In general, two-dimensional scatterplots are used to visualize relations between two variables X and Y (e.g., weight and height). In scatterplots, individual data points are represented by point markers in two-dimensional space, where axes represent the variables. The two coordinates (X and Y) that determine the location of each point correspond to its specific values on the two variables. If the two variables are strongly related, then the data points form a systematic shape (e.g., a straight line or a clear curve). If the variables are not related, then the points form a round "cloud."

The categorized scatterplot option allows you to produce scatterplots categorized by one or two variables. Via the Multiple Subsets options, you can also categorize the scatterplot based on logical selection conditions that define each category or group of observations.

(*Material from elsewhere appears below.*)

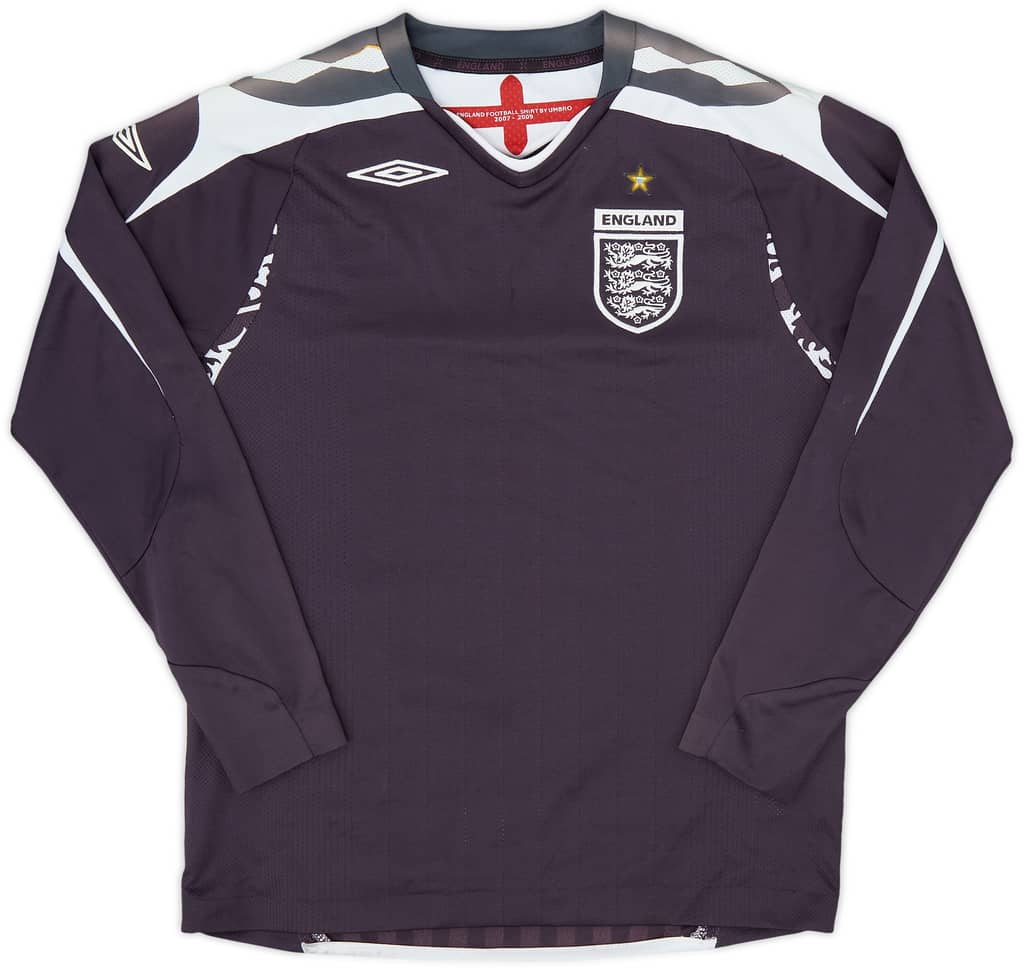 2007-09 England GK Shirt - 7/10 - (M.Boys)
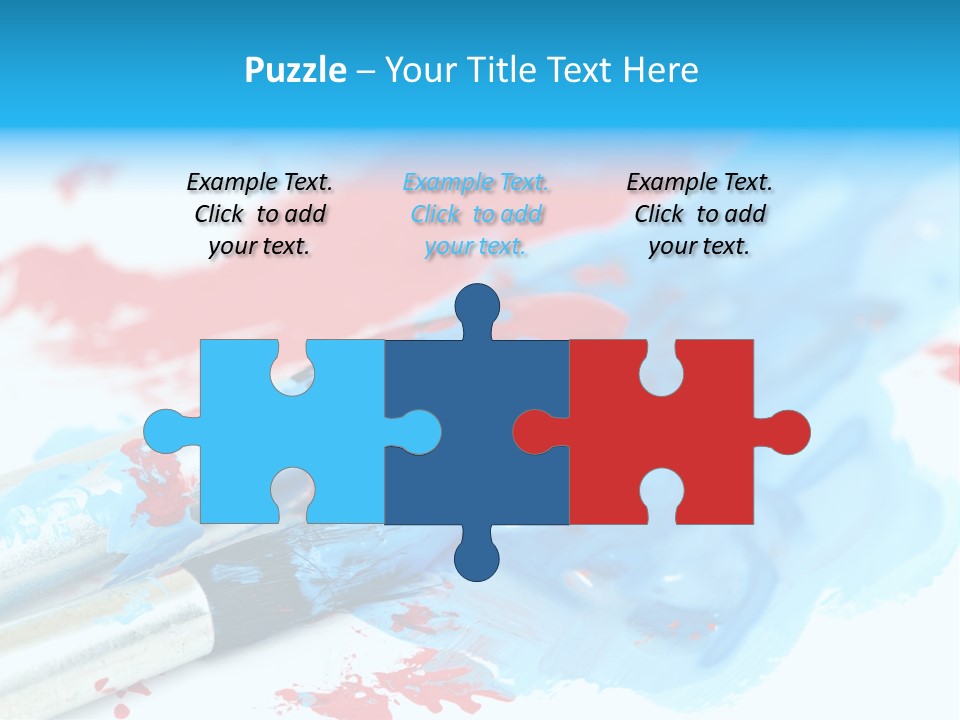 Creativity Paintbrush Expressionism PowerPoint Template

Categorized scatterplots offer a powerful exploratory and analytic technique for investigating relationships between two or more variables within different sub-groups.

A variety of analytic options are available to enhance exploratory analyses.

Homogeneity of Bivariate Distributions (Shapes of Relations between Variables)

Scatterplots are typically used to identify the nature of relations between two variables (e.g., blood pressure and cholesterol level), because they can provide much more information than a correlation coefficient.

For example, a lack of homogeneity in the sample from which a correlation was calculated can bias the value of the correlation. Imagine a case where a correlation coefficient is calculated from data points that came from two different experimental groups, but this fact was ignored when the correlation was calculated. Suppose the experimental manipulation in one of the groups increased the values of both correlated variables, and thus the data from each group form a distinctive "cloud" in the scatterplot (as shown in the following illustration).

In this example, the high correlation is entirely due to the arrangement of the two groups, and it does not represent the "true" relation between the two variables, which is practically equal to 0 (as could be seen if you looked at each group separately).

If you suspect that such a pattern may exist in your data and you know how to identify the possible "subsets" of data, then producing a categorized scatterplot

may yield a more accurate picture of the strength of the relationship between the X and Y variable, within each group (i.e., after controlling for group membership).

Fitting Functions to All Subsets Combined or Separately to Each Subset

Categorized graphs fit separate functions to each subset of points (one function curve is drawn for each subset, as shown in the following example of an overlaid categorized scatterplot where three regression lines are plotted, one for each subset).

If it is desired to fit one function to all points combined (but you still need to be able to identify the members of each subset), use the Mark Selected Subsets option accessible from the 2D Scatterplots dialog.

The two graphs shown above were produced from the same dataset.

Curvilinear Relations

Curvilinearity is another aspect of the relationships between variables that can be examined in scatterplots. There are no "automatic" or easy-to-use tests to measure curvilinear relationships between variables: The standard Pearson r coefficient measures only linear relations; some nonparametric correlations such as the Spearman R can measure curvilinear relations, but not non-monotonous relations. Examining scatterplots allows you to identify the shape of relations, so that later an appropriate data transformation can be chosen to "straighten" the data or choose an appropriate nonlinear estimation equation to be fit.